In Eselshütte bei Jakobshagen soll die nächste Legehennenanlage in der Uckermark entstehen. Geplant ist eine Anlage für 39.900 Freiland-Hennen. Dagegen wehrt sich die Bürgerinitiative „Eselshütt“. Denn obwohl es Freilandhennen im Vergleich zu ihren Artgenossen in der Bodenhaltung noch verhältnismäßig gut geht, ist der Bau einer Anlage dieser Größenordnung dennoch ein erheblicher Eingriff in die Landschaft.

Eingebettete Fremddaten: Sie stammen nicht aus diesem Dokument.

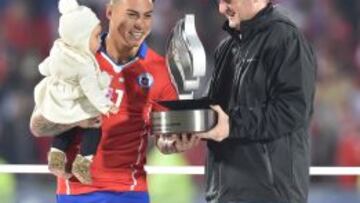 Vargas recibió el trofeo de goleador, junto al peruano Paolo Guerrero.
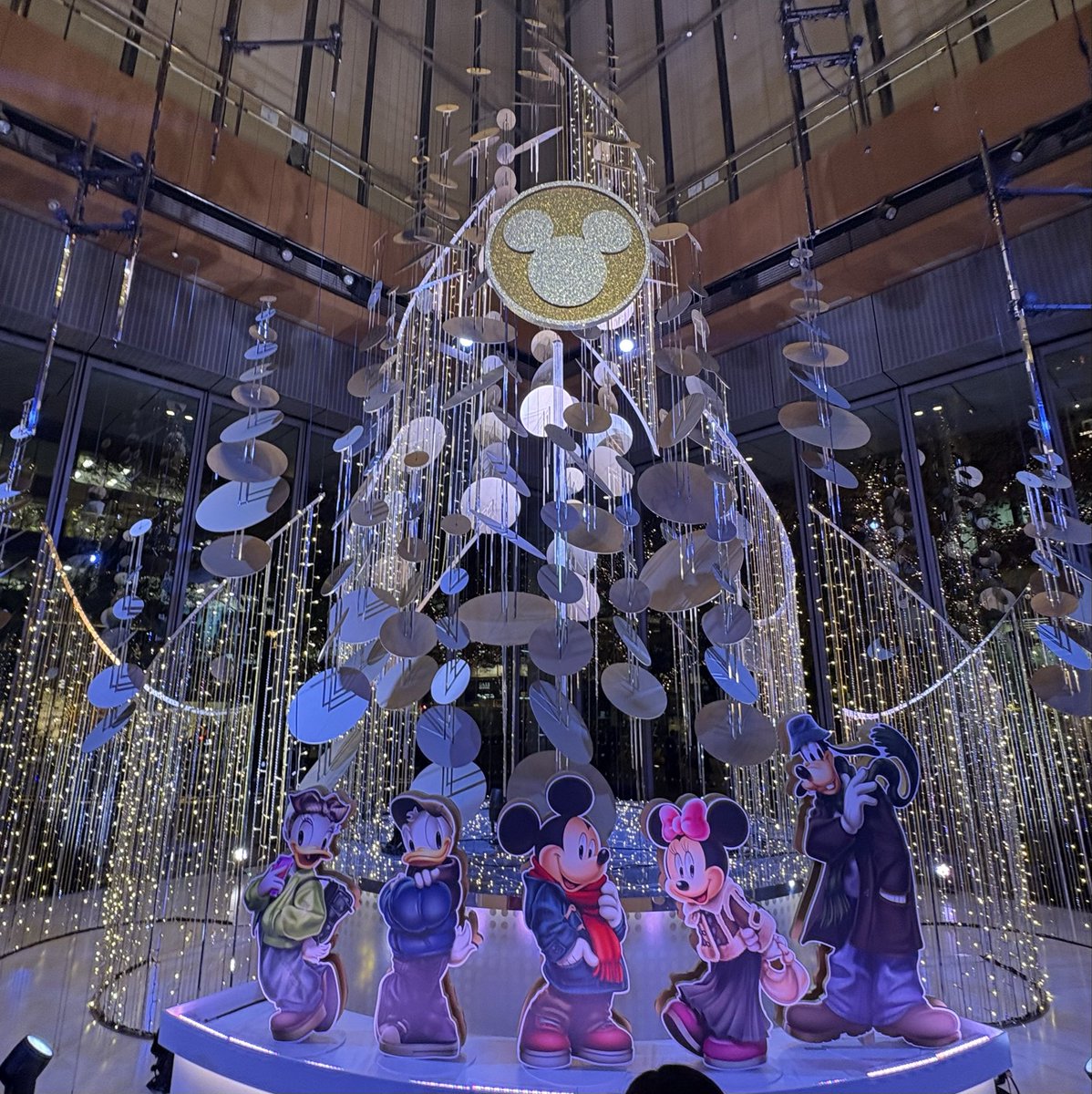 GreatestClassic's tweet image. 今日は東京で用事があったので丸の内を歩いて1万歩達成✨

年末のイルミネーションが始まっていて散歩しながら癒されました。

数年前はこの辺りで働いていて日常の景色だったけれど、離れてみると贅沢なものだったんだなとしみじみ🌙

#ウォーキング　#ダイエット　＃健康　#フィットネス 　＃散歩…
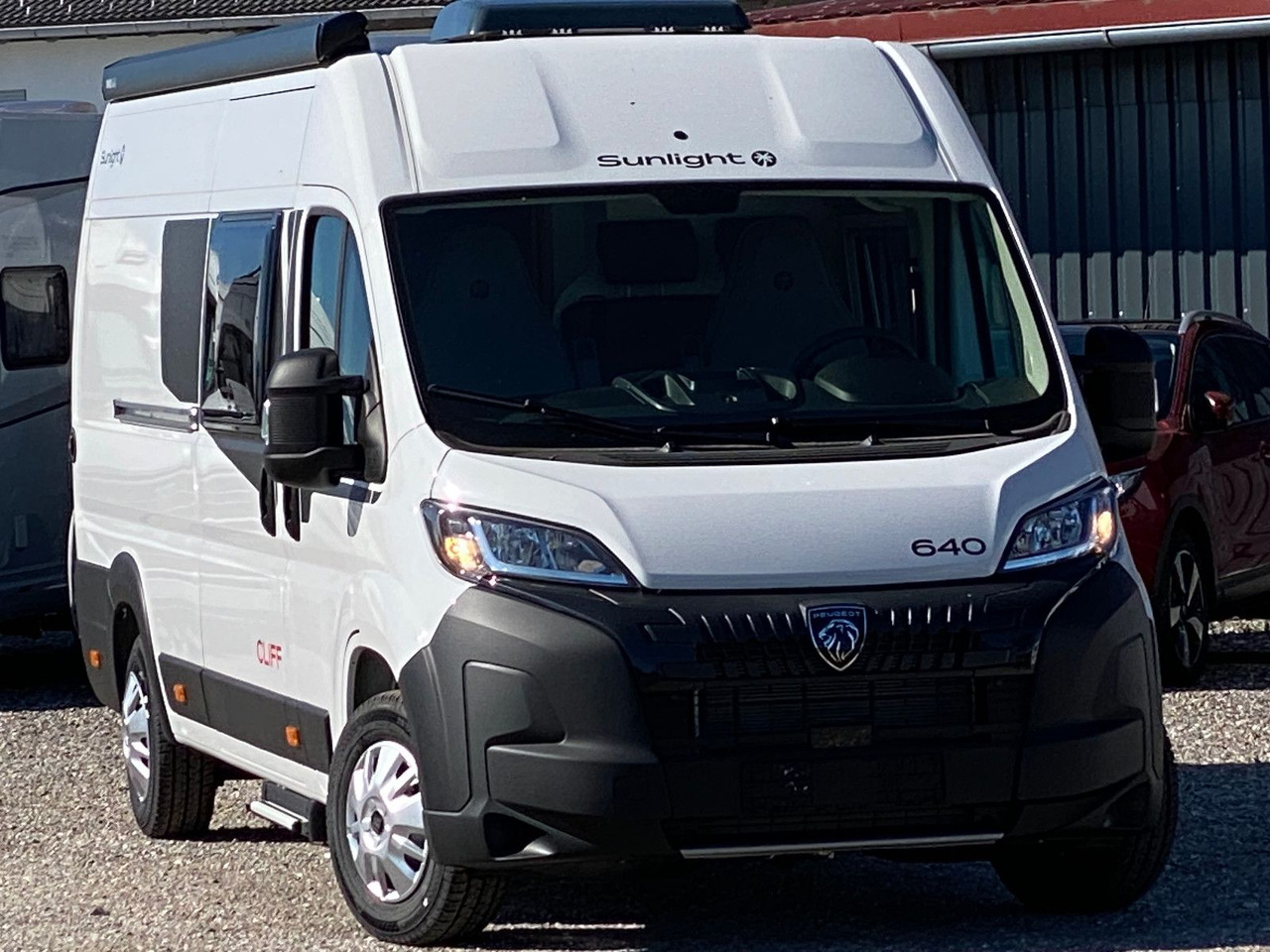 Sunlight Cliff 640 mit Längsbetten,Modell 25 - Retkeilyauto: kuva Sunlight Cliff 640 mit Längsbetten,Modell 25 - Retkeilyauto Sunlight Cliff 640 mit Längsbetten,Modell 25 - Retkeilyauto: kuva Sunlight Cliff 640 mit Längsbetten,Modell 25 - Retkeilyauto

“Öko” oder “Bio” sind Freilandhennen deswegen keinesfalls. Derzeit häufen sich die Bauanträge für Legehennenanlagen in der Uckermark. Ökologisch ist das höchst bedenklich, denn der Boden ist bereits durch die Jahrelange Ausbringung von Gülle, z.B. durch die ehemalige Schweinemastanlagen in Haßleben mit 128.000 Tieren zu DDR-Zeiten stark vorbelastet. Ziehen nun wieder Massentierhaltungsanlagen ein, hat die Naturlandschaft keine Chance, sich zu erholen. Wird die Anlage wie geplant gebaut, werden zudem die umliegenden Biotope und vor allem die Vogelschutzgebiete gestört. Deshalb steht das Landesumweltamt in der Pflicht, bei Genehmigung derartiger Anlagen seinen Ermessensspielraum als Genehmigungsbehörde auszuschöpfen und eine Umweltverträglichkeitsprüfung zur Pflicht zu machen.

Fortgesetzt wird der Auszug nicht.